Re: "var" declarations shadowing properties from Window.prototype

On Aug 10, 2012, at 11:14 PM, Brendan Eich wrote:

> Allen Wirfs-Brock wrote:
>> On Aug 10, 2012, at 3:25 PM, Brendan Eich wrote:
>>>> 4) The declaration instantiation rules relating to pre-existing bindings
>>>> only consider own properties of the global object.  Inherited properties of the
>>>> global object have no effect upon the processing of function and var
>>>> declarations.
>>> 
>>> This is the incompatible change from ES1-5.1 and reality that I question whether we can get away with.
>> 
>> True, for var declarations.  For function declarations it changed in 5.1 as a result of https://bugzilla.mozilla.org/show_bug.cgi?id=577325 which initially concerned what happens with a global function declaration when there is an inherited access with the same name.  Is the inherited setter called?  We all concluded that it shouldn't. Rule 4 above is essentially an expression of that idea.
> 
> Yes, I remember. 'function' always differed from 'var' in JS: it would create the binding (or throw trying, ES5+).
> 
>> ...
> 
> In primordial JS, writing function onload(){...} defined an onload handler. WYSIWYG and Occam's razor (perhaps too close a shave).
> 
>> In this case, firing the setter is perhaps what the programmer wanted, even if it is a terrible way to accomplish that end.
> 
> It's not that bad if you start from the DOM level 0, especially window.onload being the same binding as function onload() {}.
> 

There seems to be a contradiction between what you describe above for primordial and what ES1-3 said:

For each FunctionDeclaration in the code, in source text order, instantiate a declared function from the FunctionDeclaration and create a property of the variable object whose name is the Identifier in the FunctionDeclaration, whose value is the declared function and whose attributes are determined by the type of code. If the variable object already has a property with this name, replace its value and attributes.
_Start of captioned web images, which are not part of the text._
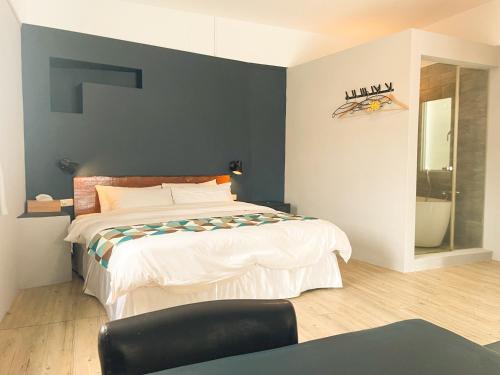 a bedroom with a bed with a blue wall at 初嶼Meet in Hengchun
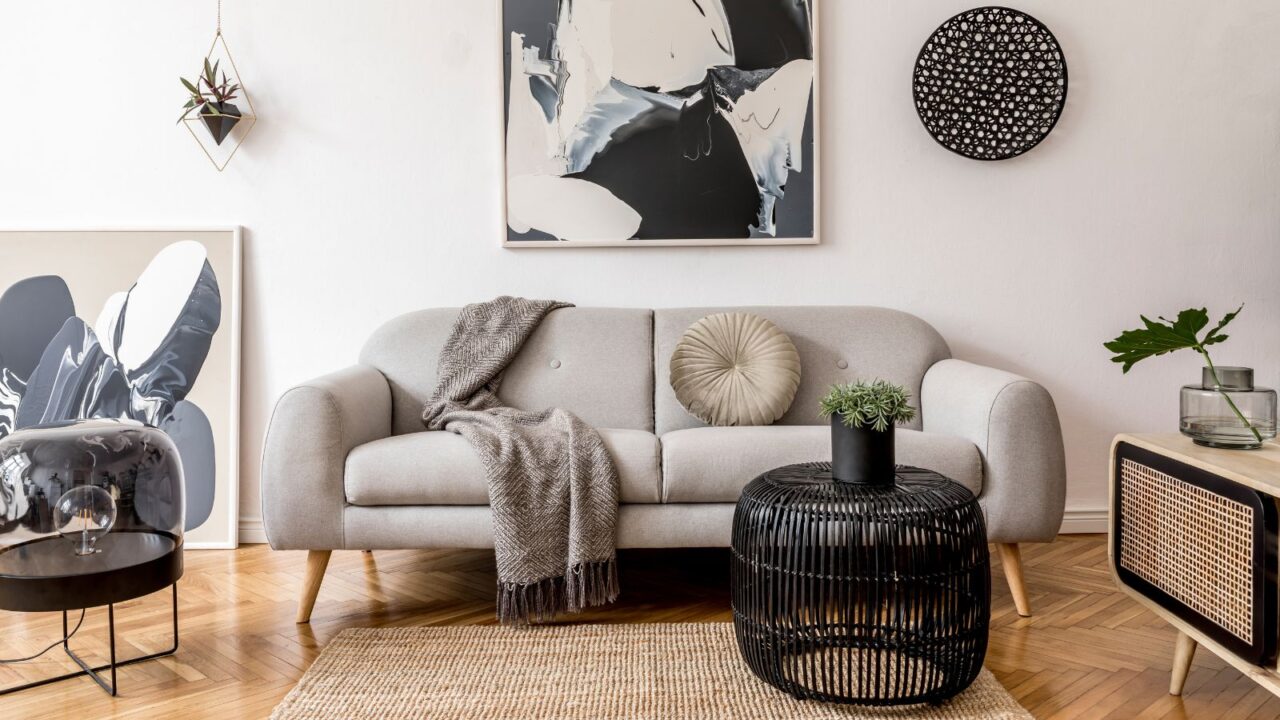 A living room interior with a table, cozy sofa with a throw blanket, plant, and art works on the wall.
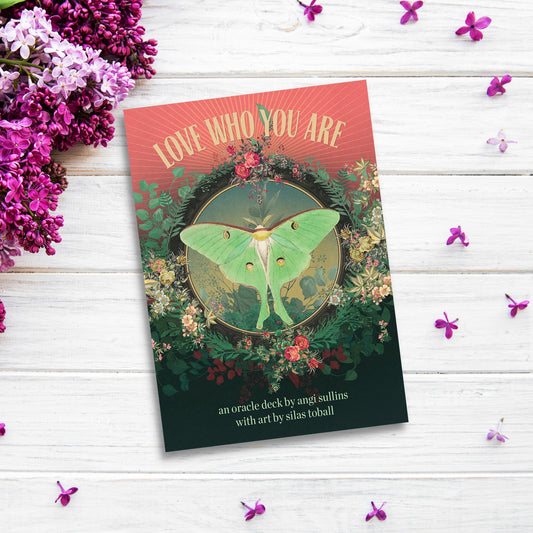 A beautifully illustrated book placed on a white wooden surface surrounded by scattered small purple flowers and lilac blossoms. The book's cover reads "Love Who You Are Oracle," featuring a central image of a green moth amidst lush florals, inspiring confidence and self-worth.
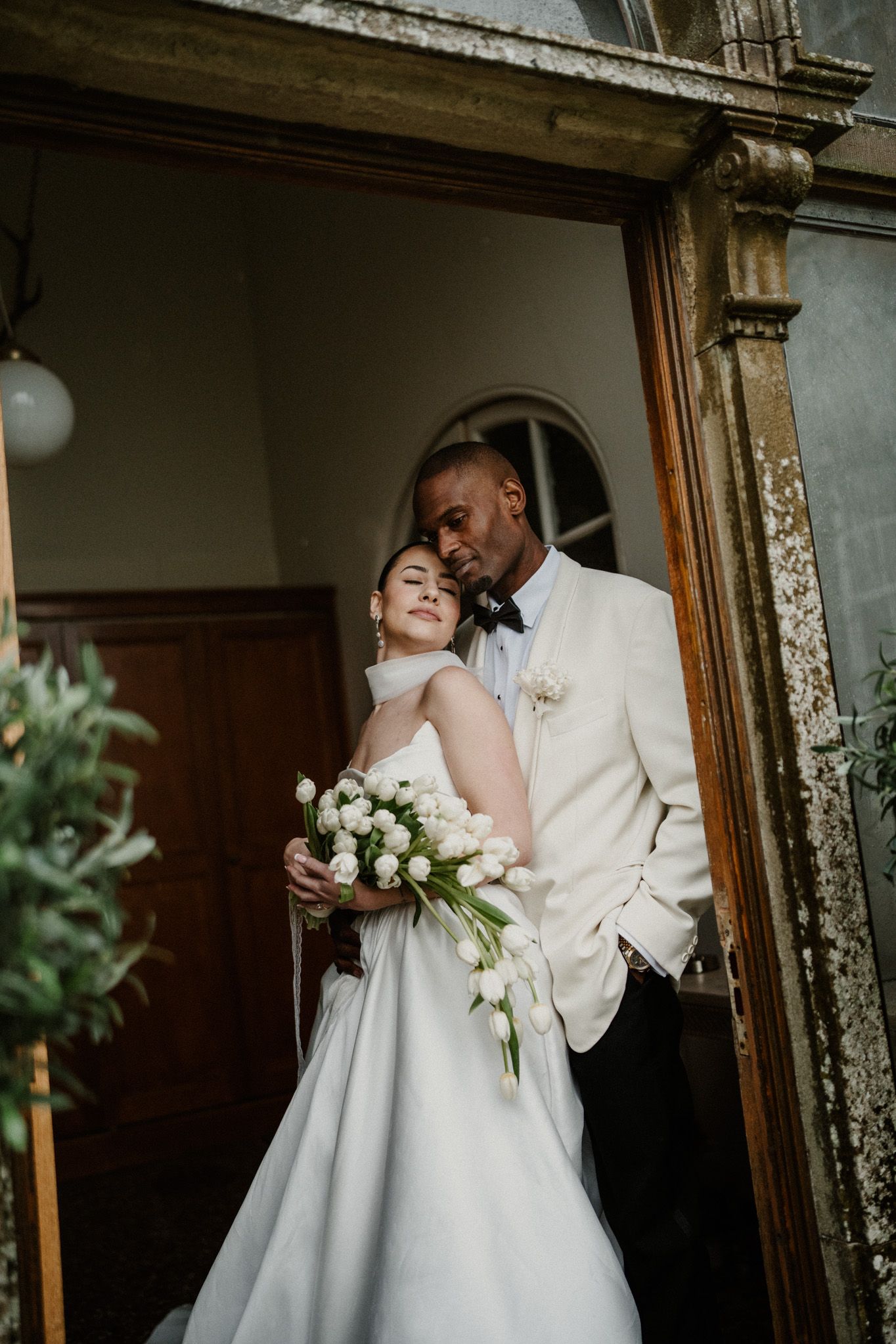 A romantic wedding couple embraces in front of ornate wooden doors in an elegant vintage setting.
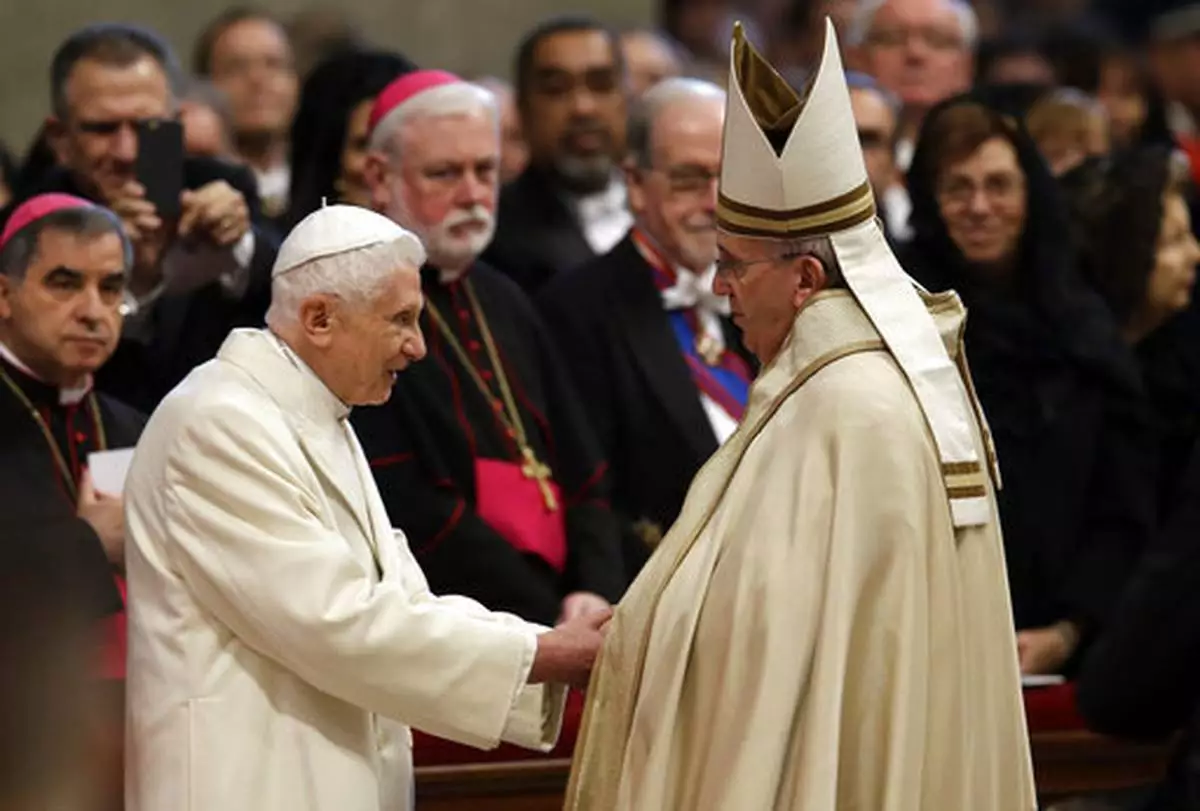 FILE - Pope Emeritus Benedict XVI, left, greets Pope Francis in St. Peter's Basilica at the Vatican, Saturday, Feb. 14, 2015. (AP Photo/Andrew Medichini, file)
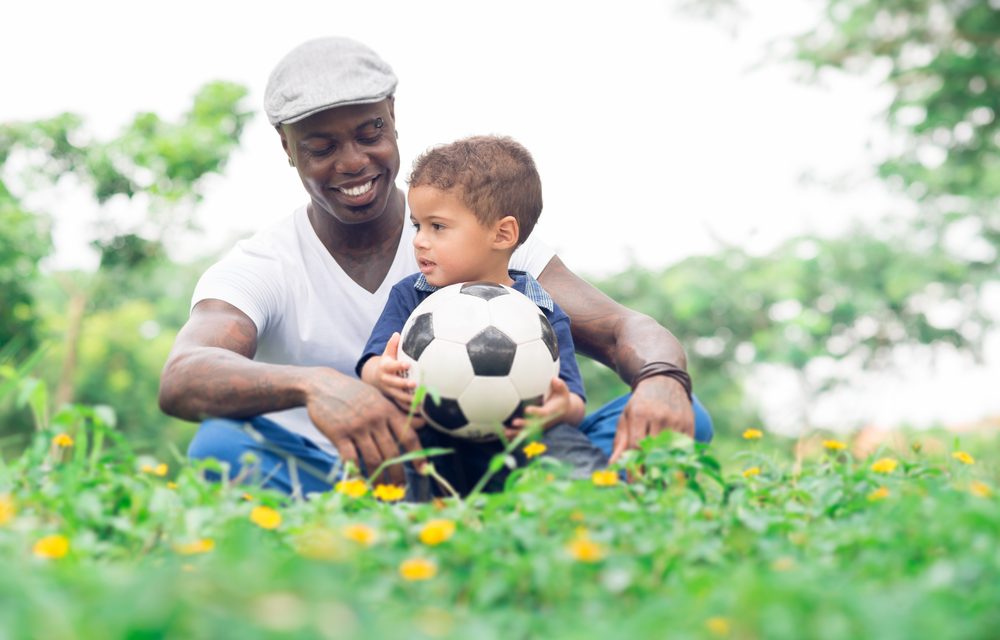 Un padre con su hijo pequeño con una pelota de fútbol sentados en la hierba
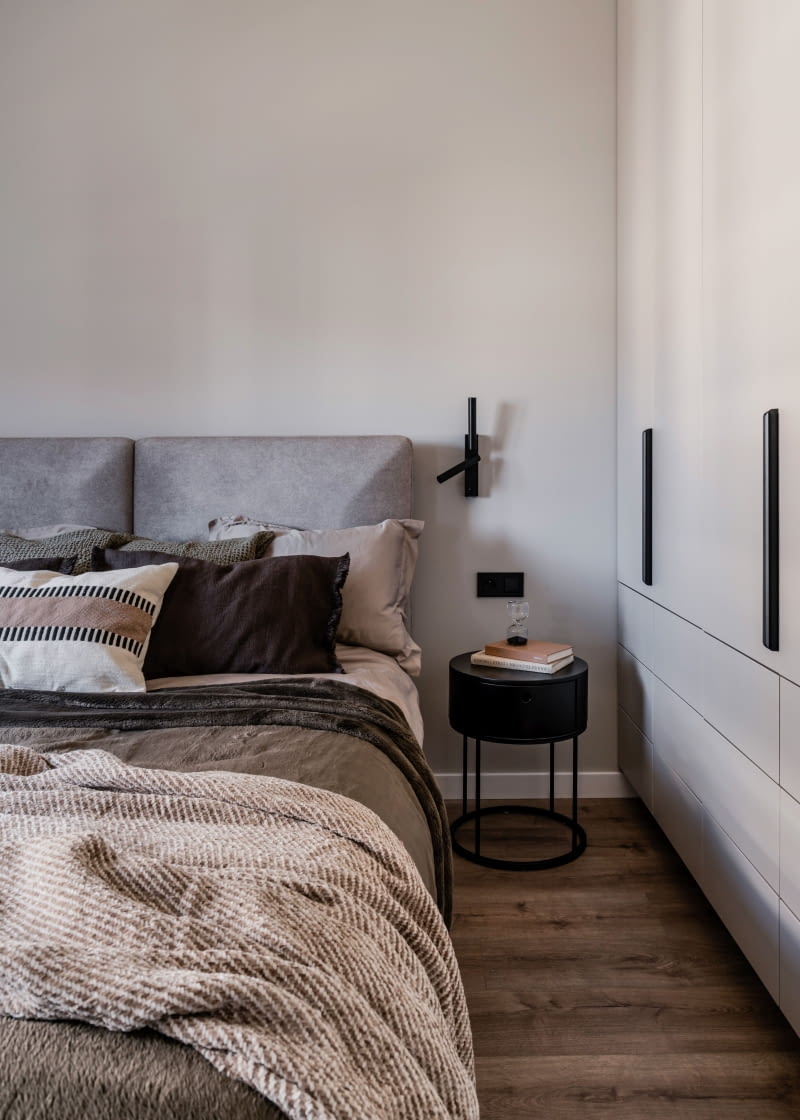 Wygodne, pasujące wizualnie do sypialni łóżko Senpo Hamilton dobrano w beżowoszarej tapicerce. Towarzyszą mu po bokach dwa czarne stoliki z szufladami oraz lampy, z jednej strony wygodny podczas czytania czarny kinkiet kierunkowy,  a z drugiej model wiszący.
One way to rationalize the two would seems to be by assuming that the global objects has special create property/replace value and attribute behavior (ie, [[DefineOwnProperty]]) that triggers special side-effects for certain properties such as 'onload'.

I still think the cleanest approach is for WebIDL to treat window object properties just like ES  chapter 15 global object properties (probably extended with a standard handling for  global accessor properties).  Then ES can have a consistent semantics for all "built-in" globals. If special behavior is needed for defining certain globals, such as "onload" that can be handled by WebIDL specify custom [[DefineOwnProperty]] behavior for its window object.